Gli insuccessi della presidenza islamista sono divenuti il manifesto di coloro che si oppongono al governo Morsi. Un fronte eterogeneo che raccoglie laici liberali, nazionalisti, esponenti del vecchio regime, ma anche gruppi islamici e salafiti, confluiti nel Fronte di salvezza nazionale all’indomani della dichiarazione costituzionale adottata da Morsi mediante la quale il presidente aveva reso immuni tutti i suoi provvedimenti dal giudizio di qualsiasi altro organo, stabilito che nessuna autorità avrebbe potuto sciogliere l’attuale Consiglio della Shura o l’Assemblea Costituente e destituito il procuratore generale Abdel Meguid Mahmoud, nominato sei anni fa da Mubarak e considerato un suo retaggio, sostituendolo con Talaat Ibrahim Abdullah.  
Un gruppo che però manca di unità oltre che di reali alternative al governo islamista e che nei fatti è stato scavalcato dall’iniziativa dei giovani attivisti di Tamarod.

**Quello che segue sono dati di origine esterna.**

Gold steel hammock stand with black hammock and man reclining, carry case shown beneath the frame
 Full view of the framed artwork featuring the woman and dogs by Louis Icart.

Il presidente Morsi, forte della legittimità della sua elezione, ha già chiarito che non intende dimettersi e ha nuovamente aperto al dialogo con l’opposizione. 
 
Dati economici alla mano, l’Egitto non può permettersi una seconda rivoluzione. Indipendentemente da quale scenario si materializzerà dopo il 30 giugno, tutte le forze politiche egiziane dovrebbero rendersi conto che nessun gruppo può ignorare o emarginare gli altri. Il governo dominato dalla Fratellanza musulmana dovrebbe sforzarsi di essere più inclusivo e trasparente, mentre l'opposizione dovrebbe rispettare le regole democratiche del gioco politico. Se l'opposizione dovesse riuscire a far dimettere Morsi, nessun futuro presidente sarebbe in grado di terminare il suo mandato perché dall'altra parte verrebbe usata la stessa tattica adoperata con Morsi. Se il sostegno a favore dell’ opposizione è ampio come essi sostengono, questo gruppi dovrebbero premere per tenere elezioni parlamentari il più presto possibile. Una vittoria alle urne darebbe loro non solo l’opportunità di formare il prossimo governo, ma di modificare la Costituzione e esercitare un potere di controllo sul presidente in modo democratico e civile. Se invece a prevalere saranno la violenza o tattiche non democratiche, questa “seconda” rivoluzione potrebbe privare gli egiziani delle conquiste della prima.